Not the license plate lights in the chrome trunk garnish, the red taillights immediately left and right of the chrome garnish. Those could conceivably be used as additional brake lights. They already have a dual-filament bulb in place. 

Time to check other forums and see how they've done it. This is an old trick on some boards, but new to the N. American Cruze.


----------



## Ru5ty (Jun 20, 2012)

oh sorry i did not understand. im excited to see the results!


----------



## 70AARCUDA (Nov 14, 2010)

It would only take one additional wire, but it'd (obviously) have to be routed forward along the side of the trunk up to where the trunk hinge is and then back to the trunk-mounted LAMP on one side and then across to the other LAMP on the other side of the trunk. Of course, this assumes the lamp sockets are already wired to "accept" this additional wire (push-on, solder, etc.).

Ask ER for details.


----------



## sciphi (Aug 26, 2011)

Courtesy of ElantraClub dot com and the great folks over there who helped direct me to it, here is a writeup on the same thing done on the XD Elantra hatchback: DIY Project 88 

That's my inspiration. Given how our CHMSL (3rd/center brake light) is LED and shouldn't draw that much power, running two additional bulbs off it shouldn't be that big an issue. Well, at least to me. 

I'll have to yank off the trunk covering tomorrow and see if the bulb sockets already have the necessary socket.


----------



## Aussie (Sep 16, 2012)

Just checked my Holden CDX Diesel and while the globes have 2 elements they are only tail lights.


----------



## JHC828 (Oct 29, 2012)

I would also be very interested in doing this... Subscribing for the how-to write up.


----------



## XtremeRevolution (Jan 19, 2012)

Really looking forward to this. Stickied.


----------



## sciphi (Aug 26, 2011)

Turns out it's going to be a bit more complicated than running a few wires. 

Parts needed:
1. 3-wire connector for a 3057 bulb that will fit into a Cruze taillight.
2. Connector of some kind (probably a fusible link for safety reasons) for another wire. 
3. T-taps to tap off of existing brake light wires. 
4. Possibly some wire loom.
5. Probably something else I'm forgetting about. 
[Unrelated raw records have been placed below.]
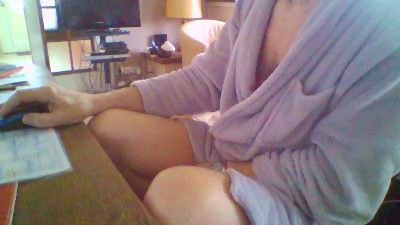 vivo887 — Cam4 stream photo (Feb 2026)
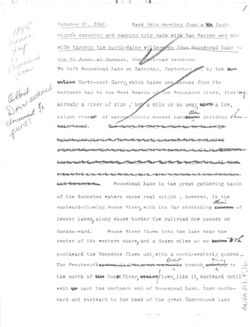 67521c3bc54d64.61520519.pdf page 46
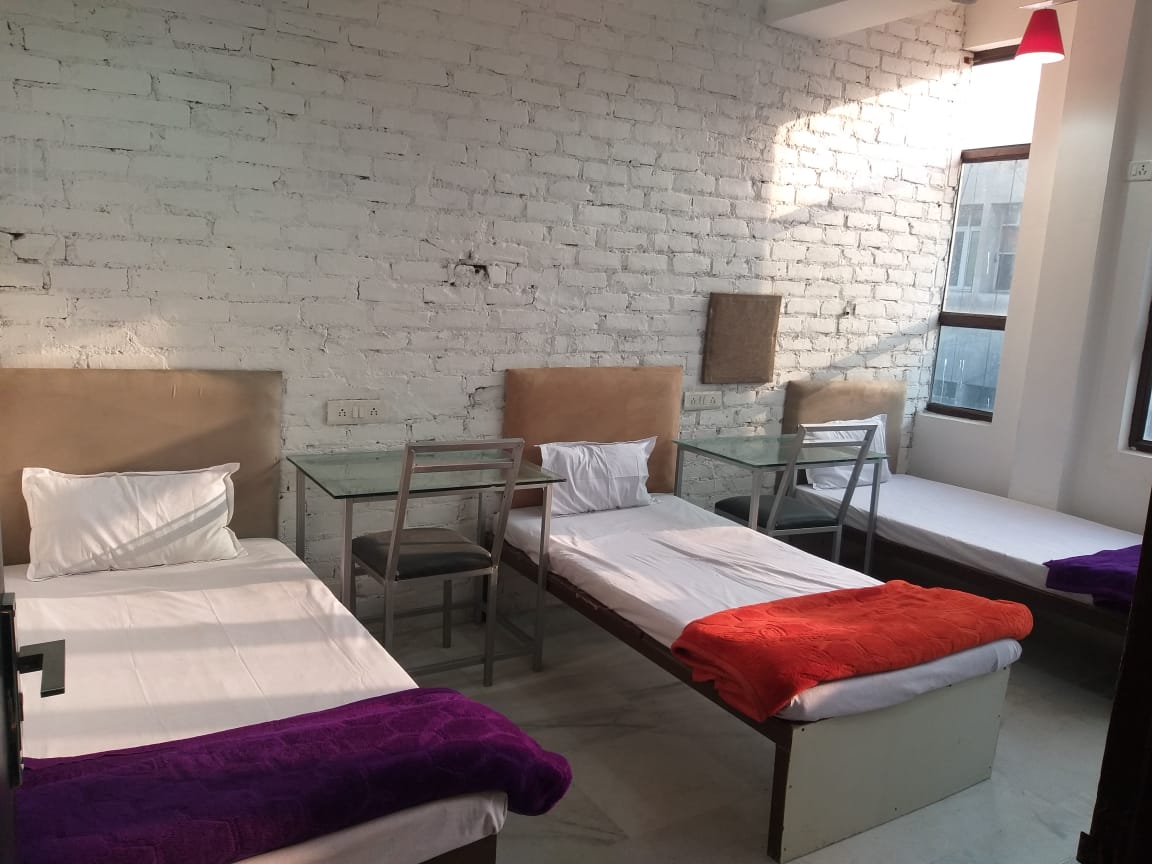 Properties Details 2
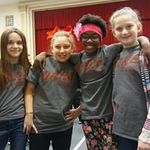 Kennadie Barnhart - @barnhartkennadie - Instagram
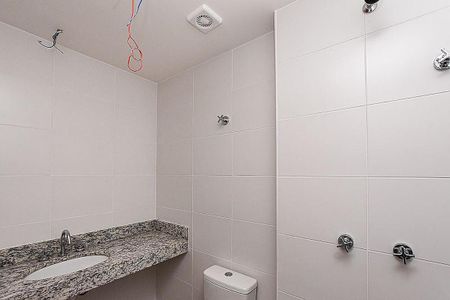 Apartamento à venda com 90m², 2 quartos e 1 vaga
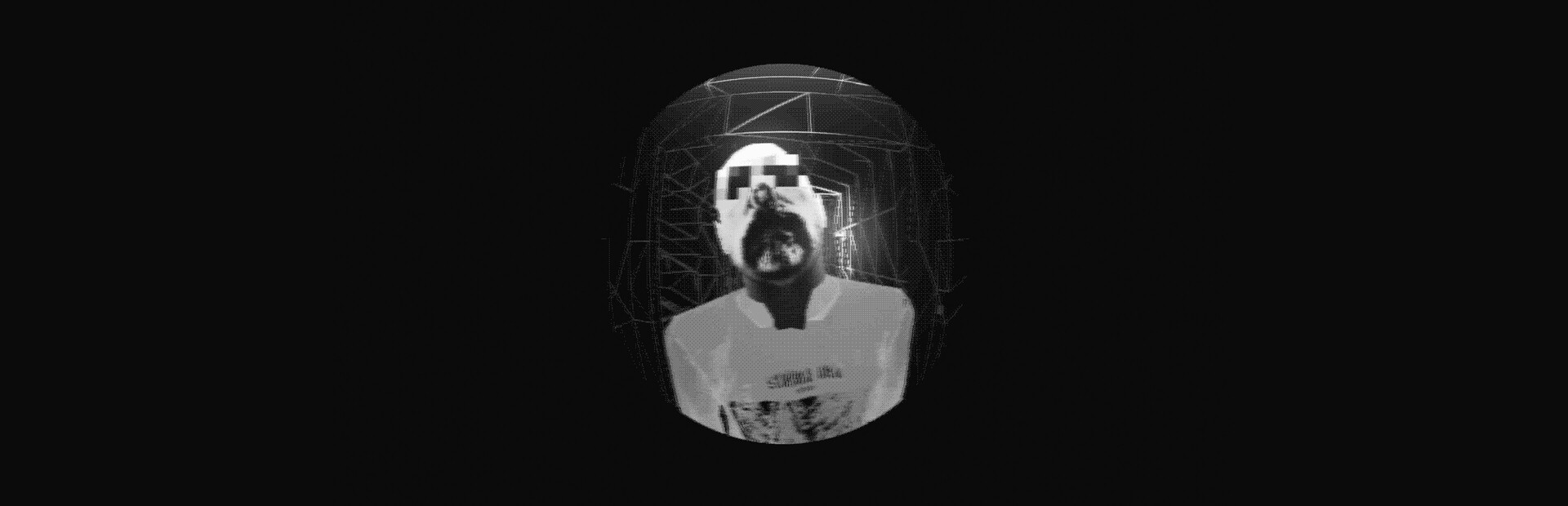 MRAK cover art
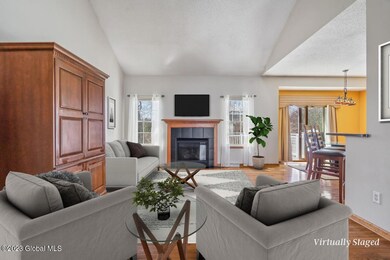 18 Camden Cir, Delmar, NY 12054 - photo 3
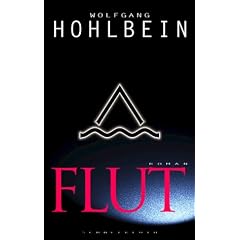 Flut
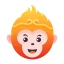 SuperChinese: Chinois Mandarin icon
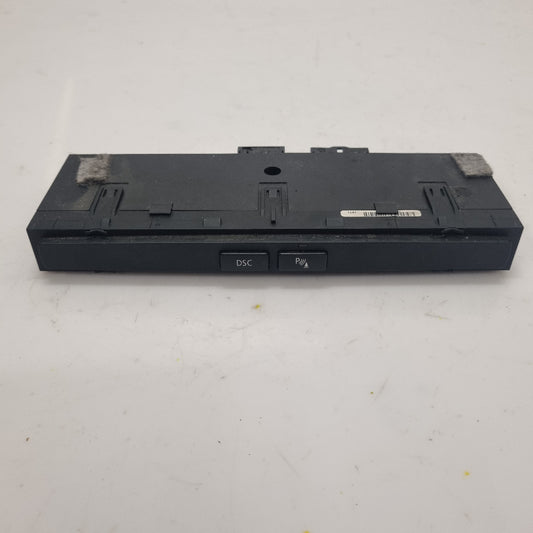 commande-dsc-6949451-bmw-e60-e61-bmmotorsport80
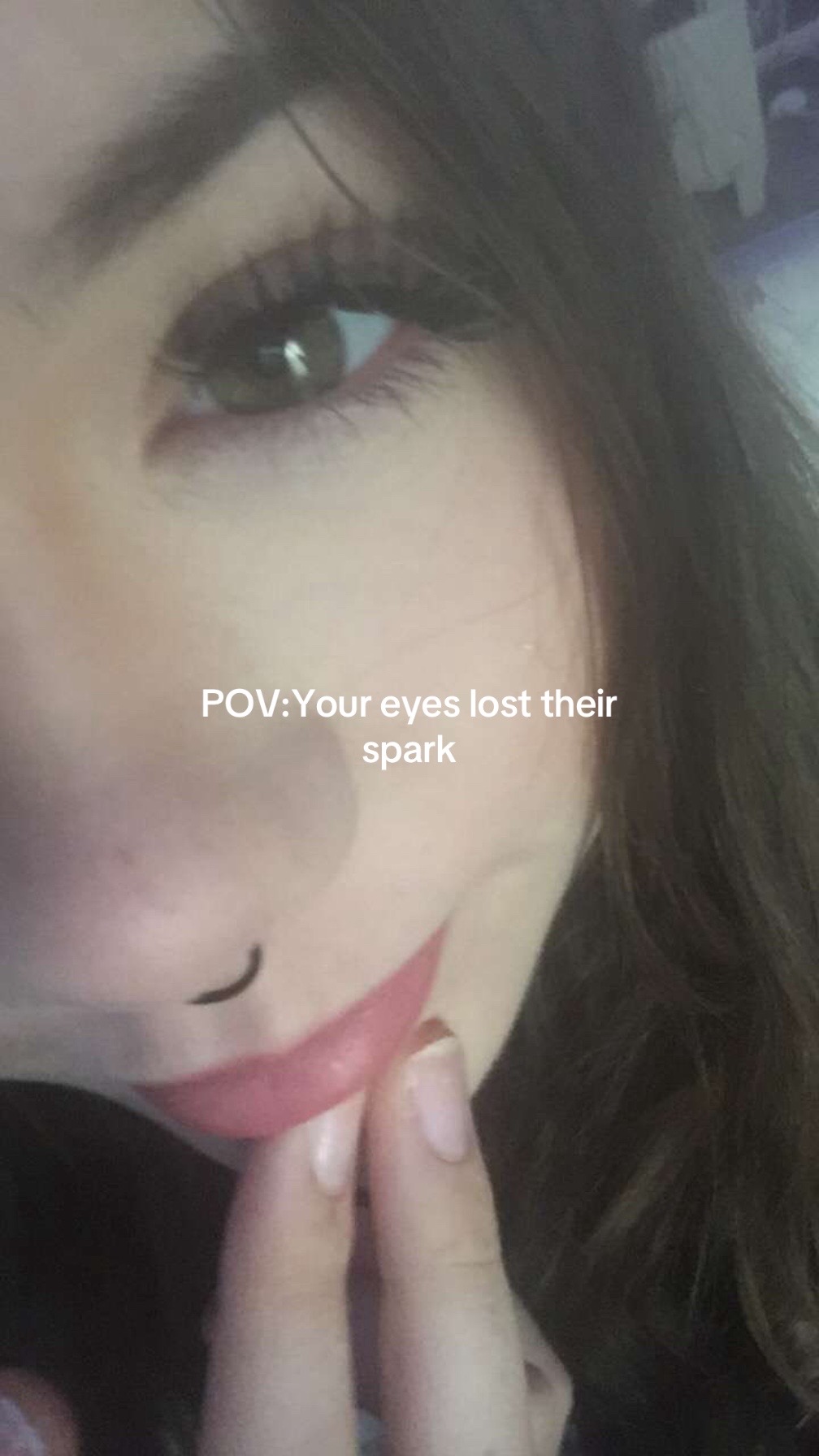 @Macie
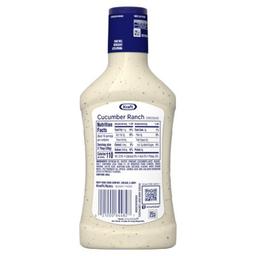 Product thumb gallery 343396180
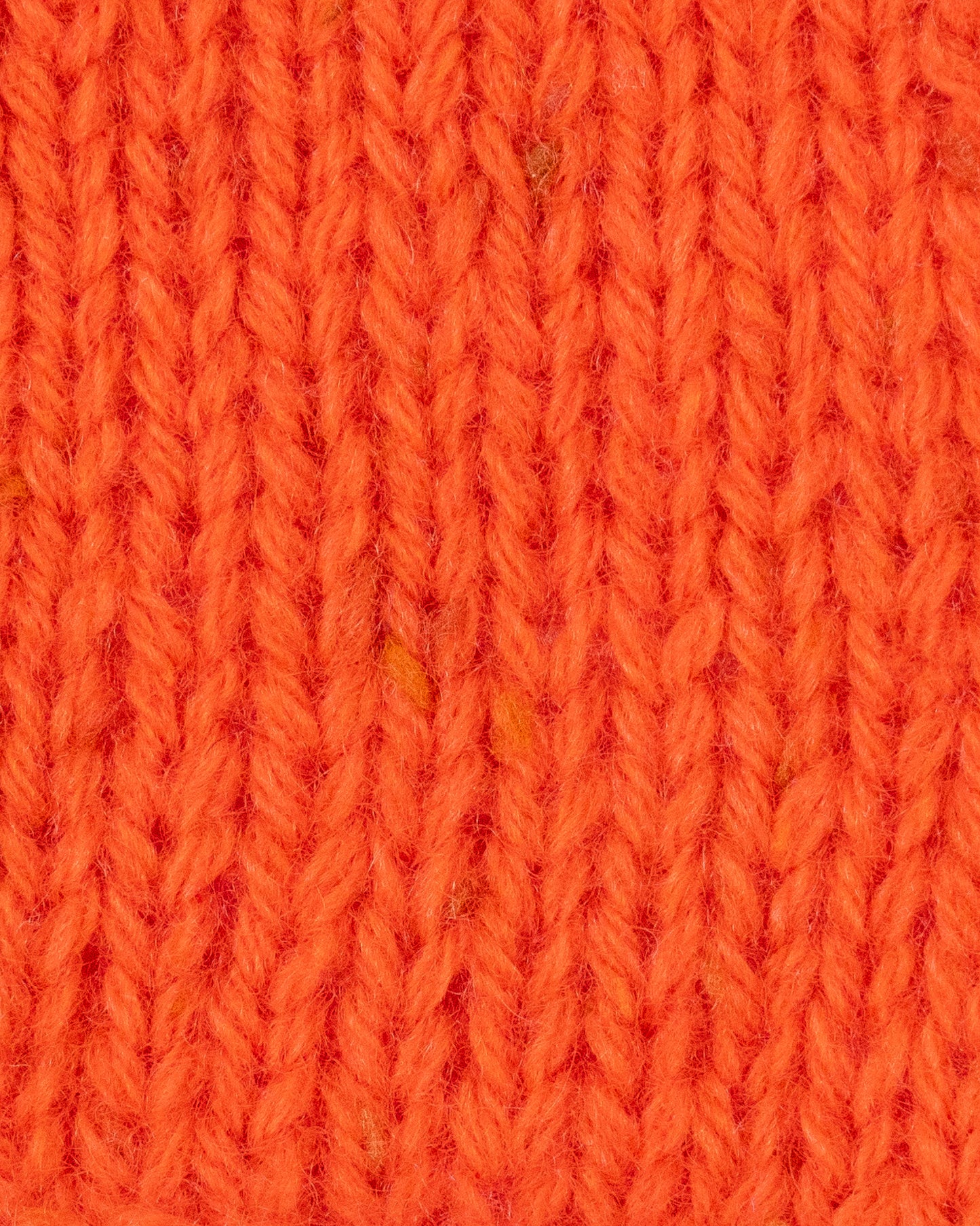 Tweed Supreme - 300 POPPY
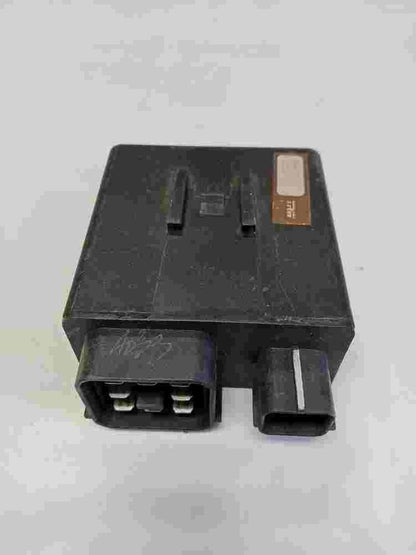 Relé aire acondicionado  Rover 600 TRW YWB10042B YWB 10042B  ACCUR17 ACCUR17229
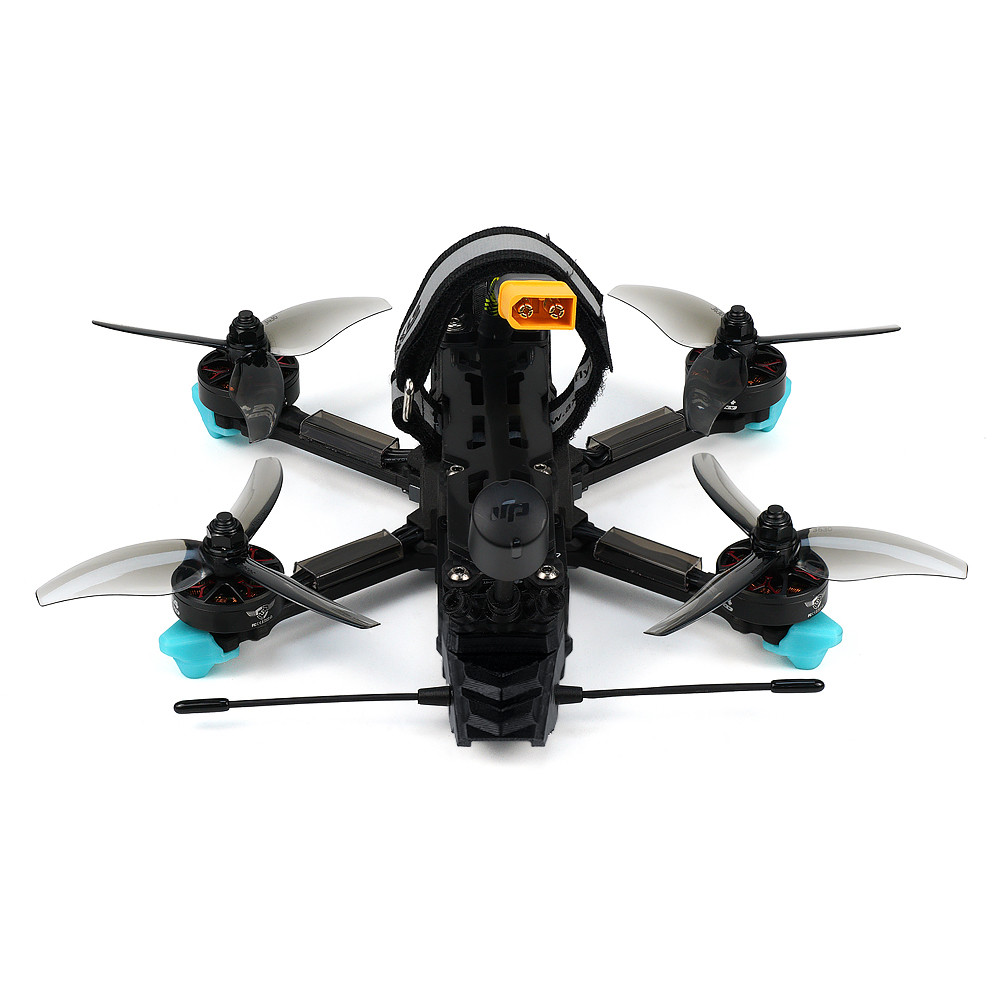 Axisflying High Quality 3.6 In - Drone Camera Hd review and price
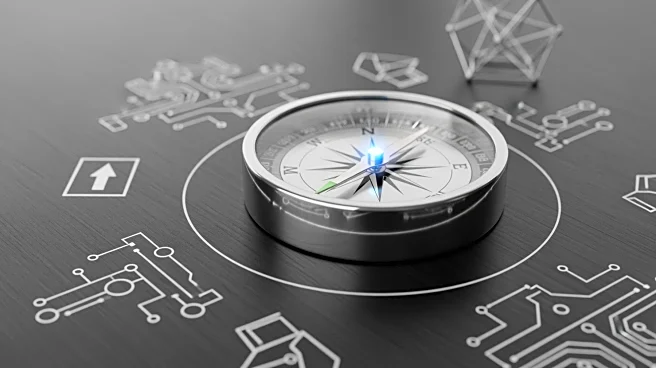 AI Leadership: The Role of Convergent Leaders in Organizational Success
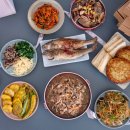 씨에스웰라이프 | 씨에스3 , 명절음식도 제대로 즐겨요 - 3개월째 먹어 본 후기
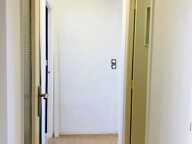 Vente Appartement 3 pièces — photo 4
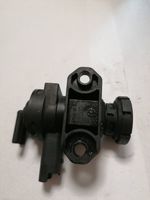 Citroen Berlingo Turbo solenoid valve 9635704380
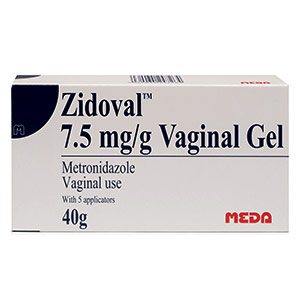 Zidoval-Vaginal-Gel-0-75_-package-front-view-sub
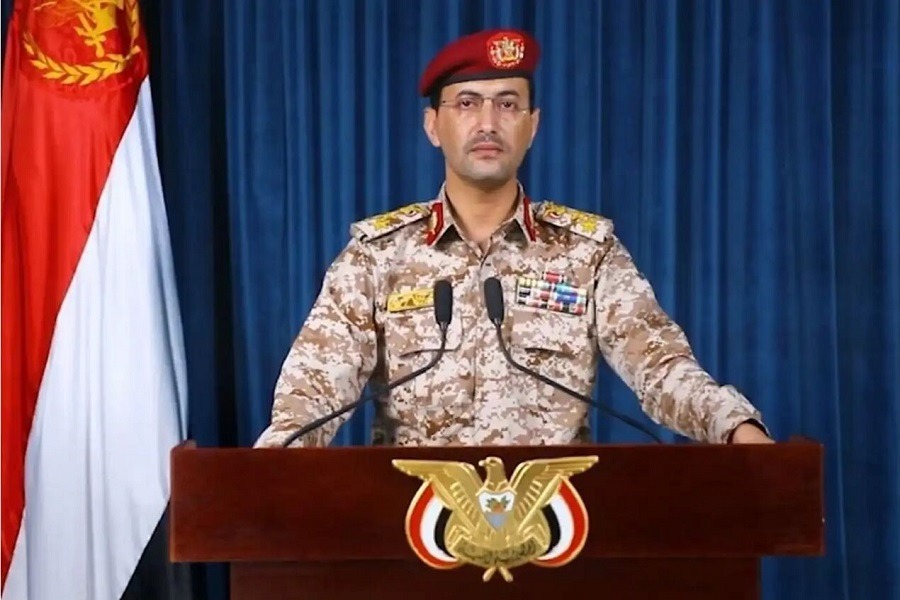 اليمن: القوات المسلحة تعلن شن التحالف السعودي 58 غارة خلال 24 ساعة
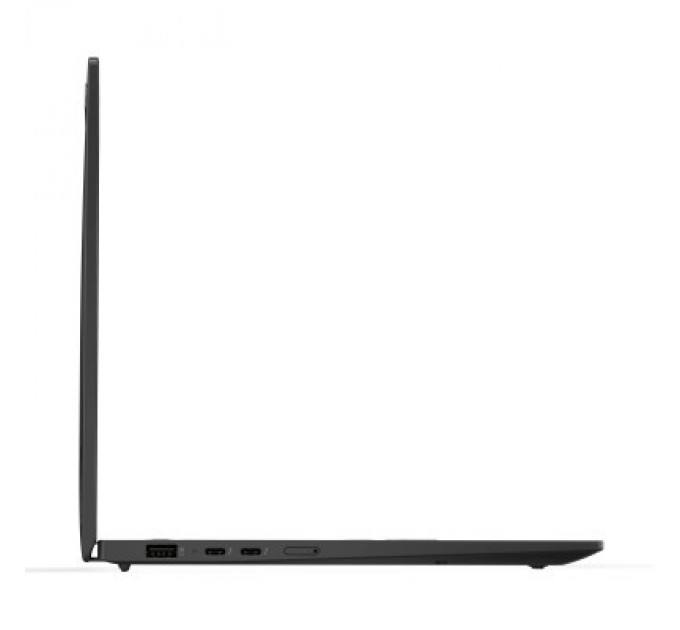 Lenovo Ноутбук Lenovo ThinkPad X1 Carbon G12 (21KC0061RA)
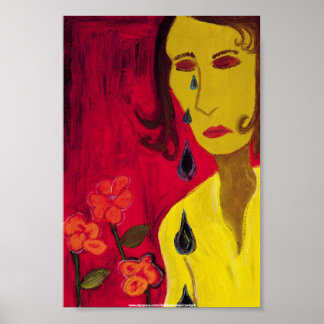 Poster nouveau ache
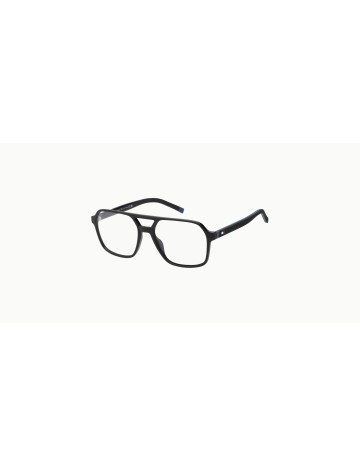 TOMMY HILFIGER - 112585 - D51 - 56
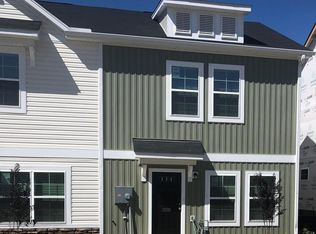 1000 Tundra Teal Ln, Columbia, SC 29210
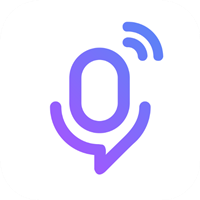 萌新变声器 .3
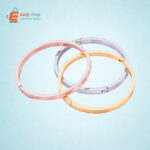 اسواره ستيل 3 حبات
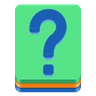 Logo de Trivia Quiz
The good news is that the power wires share a common ground, so grounding is taken care of through the factory harness. I'm assuming factory grounds will be sufficient for 2 additional brake lights. 

The bad news is that it appears that each taillight is run off its own harness, so tapping into each side for power might be necessary to avoid overloading a single circuit. I have no issue with this, even though it does mean more connections are needed. 

Here's what is currently in the trunk-mounted taillights: 










Connector:










In the brake light:




























I believe the part number is ZFB-07066-UO.

Right-side taillight connector:










Left-side taillight connector and trunk wiring connector:



















A more global shot of the connectors:



















So, how would you electronics experts go about this differently than I would? I'm all ears, since electronics/electrical isn't a strong suit for me.


----------



## obermd (Mar 3, 2012)

I would strongly consider getting a set of the bulb connectors that are currently used in the actual brake lights and then wiring the second brake light in parallel to the first brake light on each side. Don't wire in series or one bulb out would take them both out.


----------



## sciphi (Aug 26, 2011)

obermd said:


> I would strongly consider getting a set of the bulb connectors that are currently used in the actual brake lights and then wiring the second brake light in parallel to the first brake light on each side. Don't wire in series or one bulb out would take them both out.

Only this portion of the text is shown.